The series of "essays" gave Reich-Ranicki much "grief." Even the choice of the title "essays" was hotly debated. Reich-Ranicki included not just essays in a classic sense, but also a wide variety of critical works including criticism of film, literature, music reviews, theater reviews, essays, speeches, diaries, letters, ephemera, and aphorisms, spanning both fictional and nonfictional literature. The term "essayistic" was coined for this purpose.

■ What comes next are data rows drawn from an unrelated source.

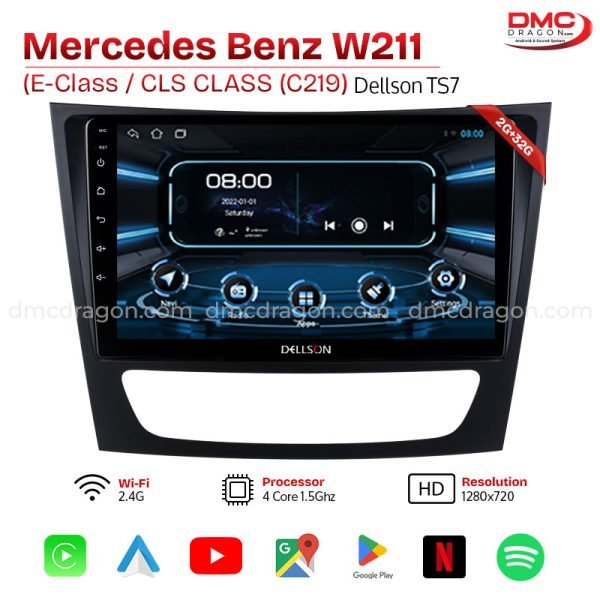 Mercedes Benz W211 CLS CLASS C219 2001-2009 Dellson TS7 Android Car LCD Panel 2GB+32GB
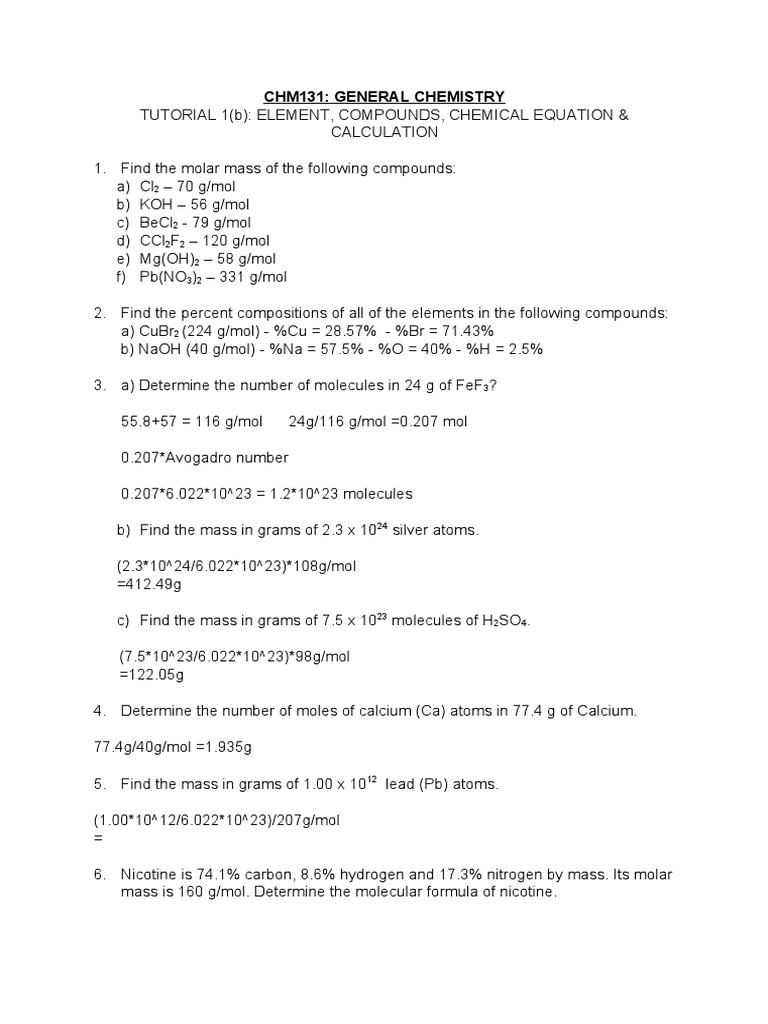 Molar Mass and Chemical Equations Guide | PDF | Mole (Unit) | Ethanol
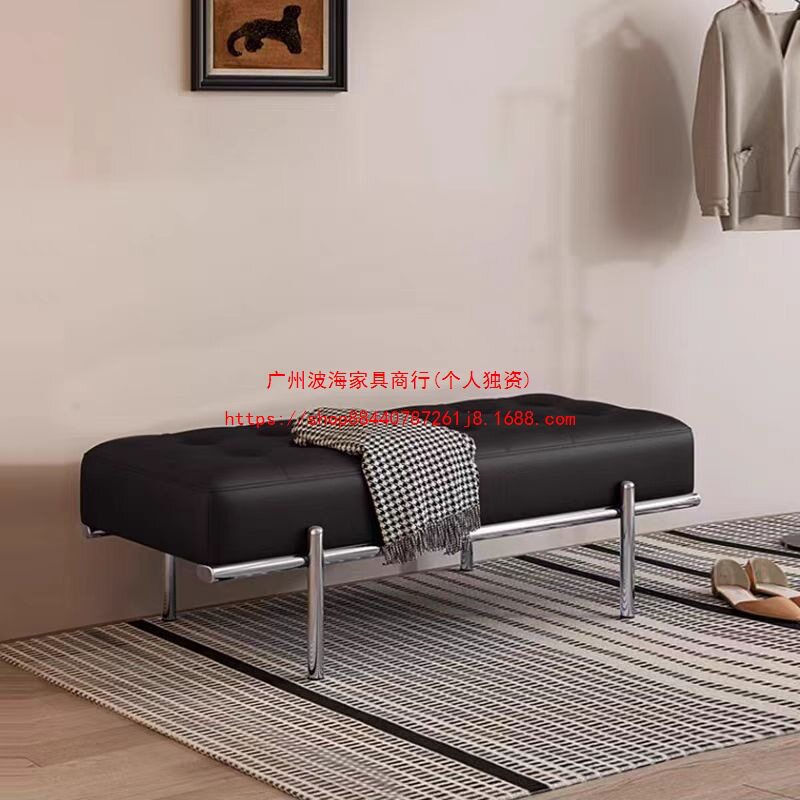 新款不锈钢玄关卧室换鞋凳家用极简设计师长条凳意式床尾凳沙发凳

The "essay" canon contains 255 articles from 166 authors covering a wide variety of subject matter. It is divided into five parts:
 from Martin Luther to Arthur Schopenhauer
 from Leopold von Ranke to Rosa Luxemburg
 from Heinrich Mann to Joseph Roth
 from Bertold Brecht to Golo Mann
 from Max Frisch to Durs Grünbein

Adaptations

In 2015, the author Hannes Bajohr published his "novel" Durchschnitt (Average) based on Reich-Ranicki's novel canon. For his book, he analyzed the texts of the twenty volume novel-box of the series, calculated their average sentence length (18 words), and, with the help of a computer script, generated a book that only contained these average sentences. He then sorted them alphabetically in chapters according to the letters of the alphabet.